Careful to keep it subtext-free for the moment, “Maybe it’s business that’s getting to them?”

“No. Can’t be pressure about the source code, not anymore, they’re out from under all that now. You can’t tell anybody, but they’re going open source.”

Pretending not to have heard the news already, “Giving it away? Have they looked at the tax situation?”

According to Vyrva, Justin and Lucas were out one evening at the brightly lit bar of some tourist motel way over in the West Fifties. Huge-screen TVs tuned to sports channels, fake trees, some of them twenty feet tall, long-haired blond waitresses, an old-school mahogany bar. A lot of convention traffic. The partners are drinking King Kongs, which are Crown Royal plus banana liqueur, and reviewing the room for familiar faces when they hear a voice to which time has been at best disrespectful going, “A Fernet-Branca, please, better make that a double, with a ginger-ale chaser?” and Lucas does a spit take with his drink. “It’s him! That crazy motherfucker from Voorhees, Krueger! He’s after us, he wants his money back!”

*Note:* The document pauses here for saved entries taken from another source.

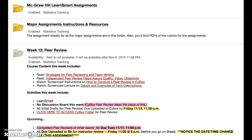Hi, this is Lynn McCool and this is an overview of week 12. This week you're going to be conducting a peer review of your assignment 6, and the activities this week all have to do with either creating assignment 6 or conducting the peer review. I have a separate screencast in which I explain how to go about doing the peer review.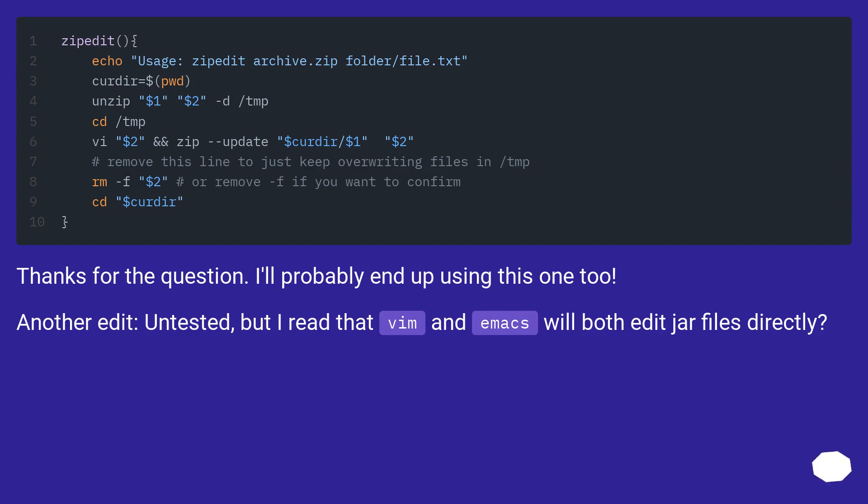Thanks for the question. I'll probably end up using this one too. Another edit: untested, but I read that vim and emacs will both edit jar files directly.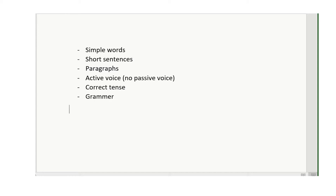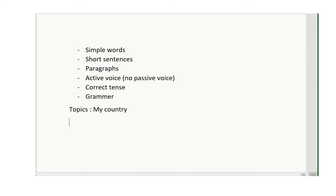We'll write about a topic called 'My Country.' It's a very simple topic. In subsequent videos I'm going to write more complicated topics, but for now let's start simple. When you write, make sure you come to the main point in the very first or second statement — at least within the first paragraph. Don't write something else and then come to the main point; come to it from the very beginning.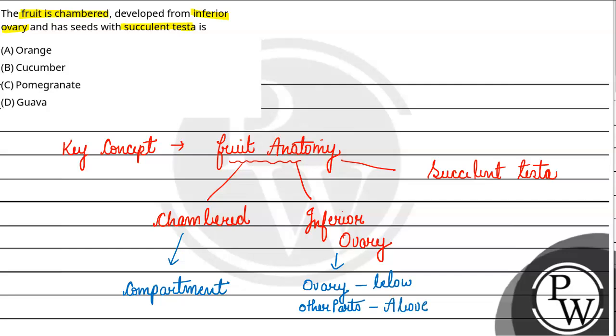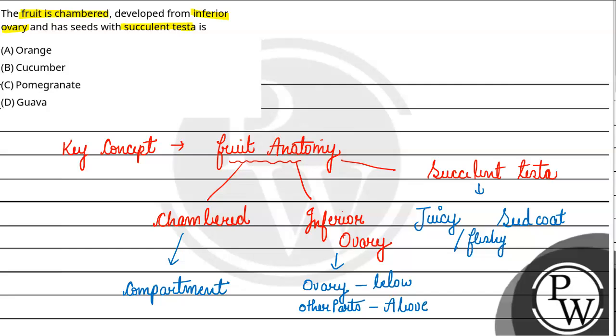Now succulent testa. Succulent testa means that testa means seed coat, and succulent means that the seed coat is either juicy or fleshy. Juicy or fleshy means the kind of seeds you usually eat, the edible ones. So this is our key concept. Now let's start with the options.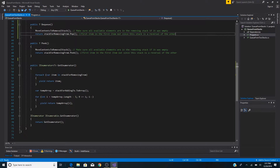Now we can safely pop an item off the stack for removing from. The first item into our queue is now the first item out, since this stack is a reversal of the other stack.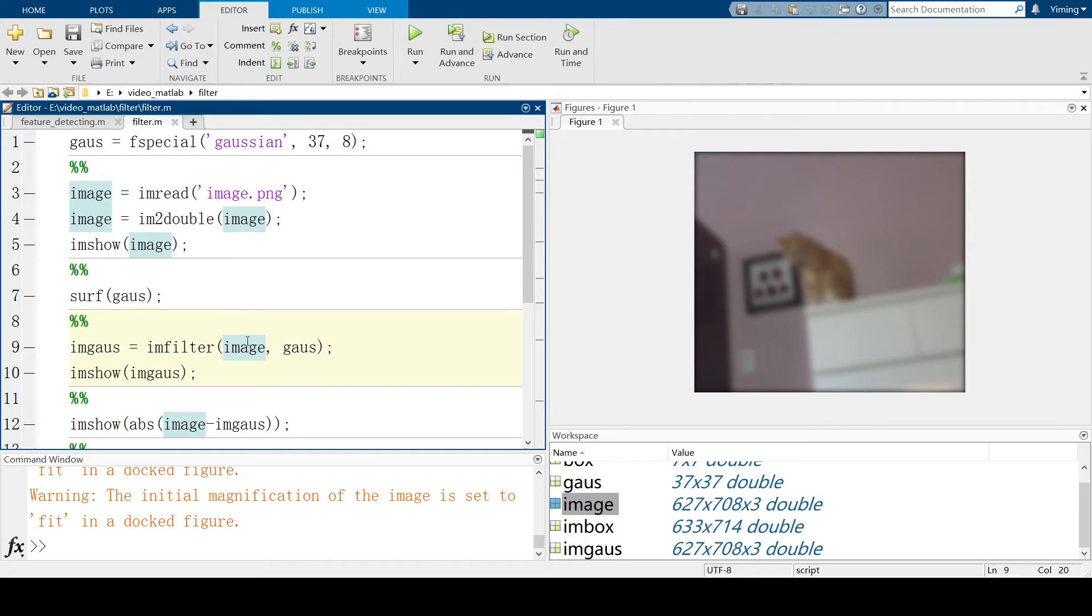In graphic processing, once you define a kernel, which is usually a matrix, apply the convolution to the matrix for the original image.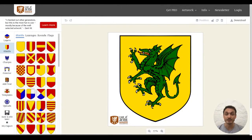Hi, I'm Sven, the creator of CoaMaker, the easy-to-use heraldry tool. In this video, I want to show you the most basic functions of CoaMaker.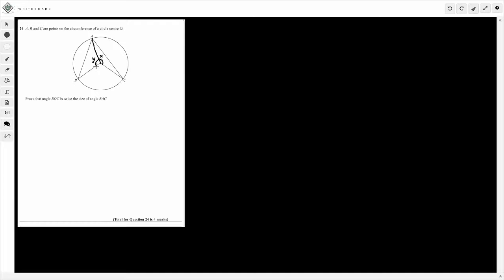What this means is that angle BOC — so this remaining angle here — is going to be 360 minus X minus Y, because angles around a point sum to 360. So this one here is X, this one here is Y, and this is 360 minus X minus Y.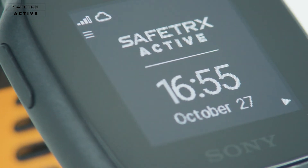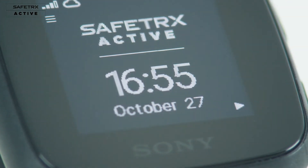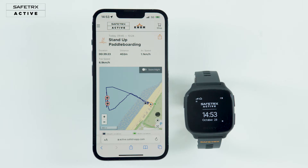Once you have your Safetrax mSafety charged and activated, your Safetrax active account set up and contacts created, you should be able to go and start having some fun, safe in the knowledge that we have your back.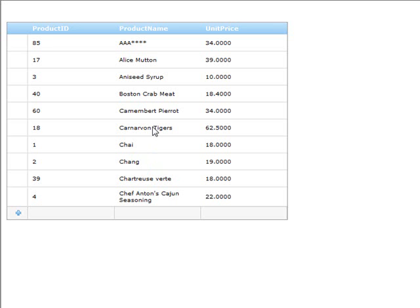So as you can see, creating a fully editable grid using the web data grid is very easy. And again, we use the SQL data source, but you could do it just as easily using an object data source and hook it up into any sort of business logic layer in your own ORM or any type of setup that you have using the object data source.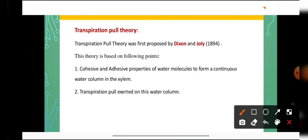Cohesion tension theory is also known as transpiration pull theory. It is a very important and widely accepted theory which explains the process of ascent of sap even in tall trees. This theory was given by Dixon and Jolly in the year 1894, and it is based on the following important points. First point: cohesive and adhesive properties of water molecules form a continuous water column in the xylem.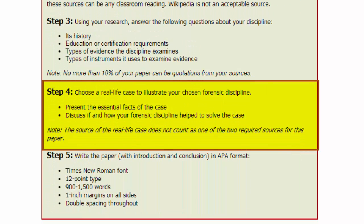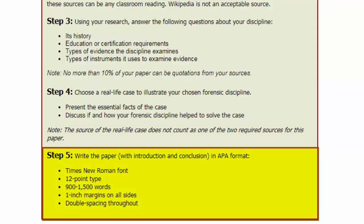In Step 4, be sure you have a real-life case in which your forensic discipline played a role. You can acquire this case either in print format or from broadcast media. Once you have it, briefly present the essential facts of the case. Then comes your important analysis of the role your discipline played in providing leads to investigators and, ultimately, the outcome of the case. Keep in mind, the source of the case does not count as one of your two required sources. You'll be writing this paper using APA style.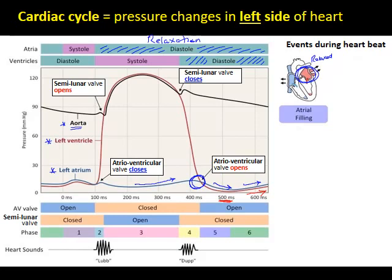At around zero milliseconds on the graph there is a small bump in left atrial pressure — this is where the left atrium starts to contract, called systole, shown by the pink box at the top. This ensures the remaining third of the blood in the left atrium is squeezed and forced down into the relaxed left ventricle. About two-thirds of blood passively moves down, and the last third is actively squeezed under atrial systole into the ventricle.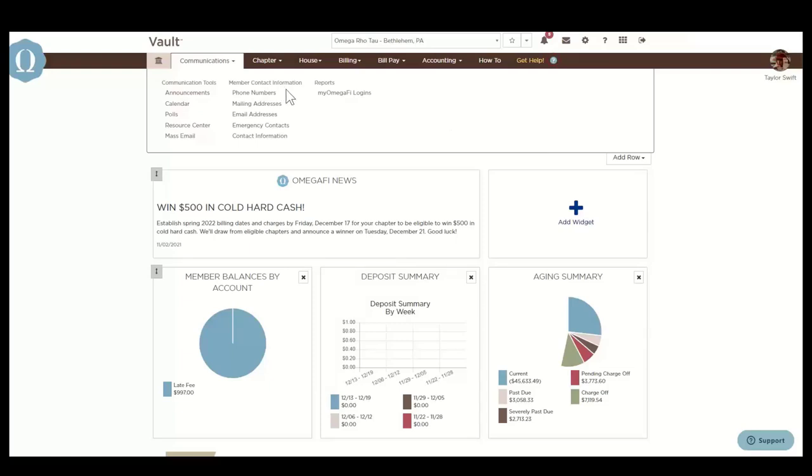Member contact information reports quickly allow you to pull specific contact information from your members. You can pull reports of all the phone numbers, mailing and email addresses, and emergency contacts.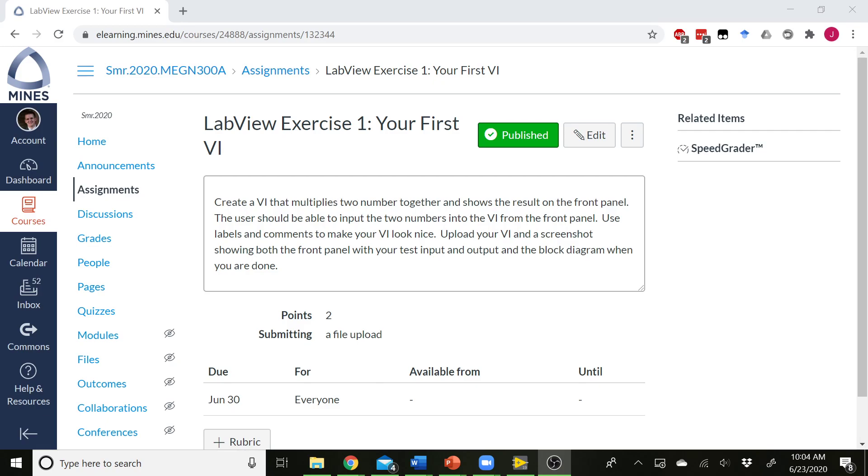Hello, MEGEN 300. This is Dr. Wheeler here. We're going to talk about your first LabVIEW exercise. For this first exercise, I thought I would give you guys a bit of a walkthrough on how to complete the exercise, just for the first one, so you can get familiar with how LabVIEW works and what LabVIEW is, and sort of what your workflow is when you are creating a LabVIEW VI.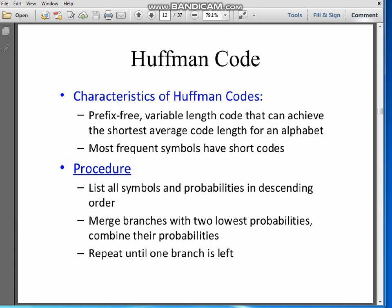Now let's look at the characteristics of Huffman code. It is a prefix-free code. What is the meaning of prefix-free code? That means one code is not the prefix of another code. How does it help in decoding? When we send the prefix-free code to the receiver, the receiver will be able to understand the original character or symbol without any ambiguity.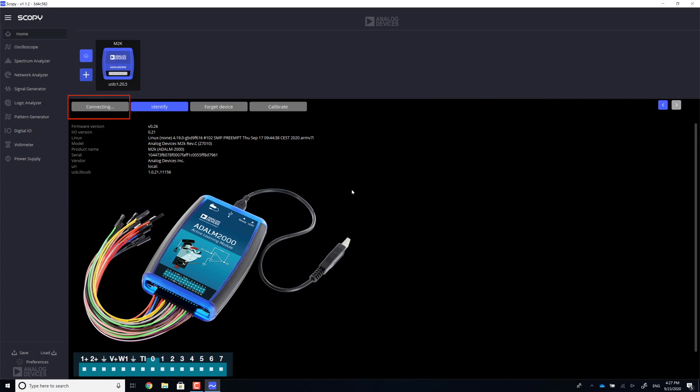Notice how the text on the button changes to calibrating for a little while. We'll cover this calibration process of the M2K in the next video of this series.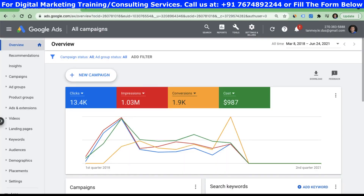Hi guys, welcome to this session. In today's session we are going to see how to use customer list inside our Google Ads account. Customer list is a type of feature which we have in our remarketing, with the help of which we can follow our customers whose details are provided to us.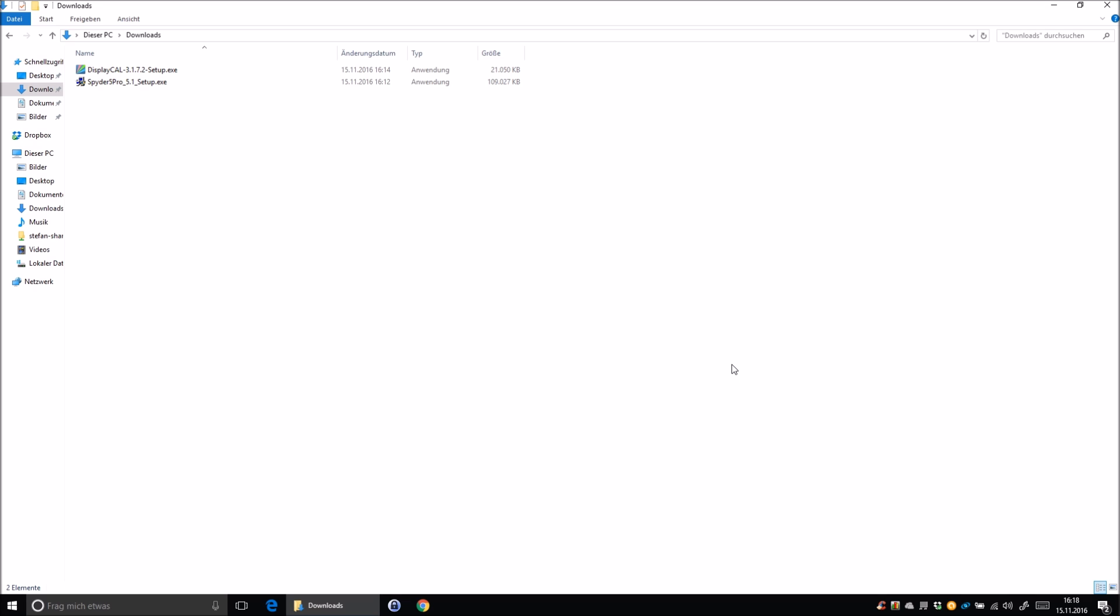So I'm using it now for I think a week and next to that the calibration process takes much longer, the result, I have the feeling that the result is more accurate, like before I had a visible difference between my two screens, I could see the colors were a little bit different.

“You’re being paranoid?” Justin hopes. They hide behind a plastic bromeliad and observe squintingly. The packaging is a little different these days, but it seems to be Ian Longspoon all right, last seen years ago just having spun out in the Sand Hill soapbox derby. Being approached now by a compact individual in Oakley M Frames and a neon avocado lounge suit. Justin and Lucas instantly recognize Gabriel Ice in some notion of deep disguise.

“What would Ice be meeting our old VC, on the sly, to talk about?” Lucas wonders.

“What would they have in common?”

“Us!” Both at once.

“We need to look at those cocktail napkins, and quick!” They happen to know the motel security guy here and are presently back in his office scrutinizing a bank of CCTV displays. Zooming down on the Ice/Longspoon table, they can make out strange soggy diagrams full of arrows, boxes, exclamation points plus what sort of look like giant letter J’s, not to mention L’s…

“You think?”

“It could stand for anything, couldn’t it?”

“Wait, I’m trying to think…” Each picking it up in turn, tossing it back and forth to be reamplified, till before long it’s totally paranoid panic and their security friend, grown grumpy, is showing them the back way out.

“What the boys concluded,” Vyrva summarizes, “is that Ice was trying to get Voorhees, Krueger to invoke protective covenants, take the business away, and then sell off the assets—the DeepArcher source code, basically—to Ice.”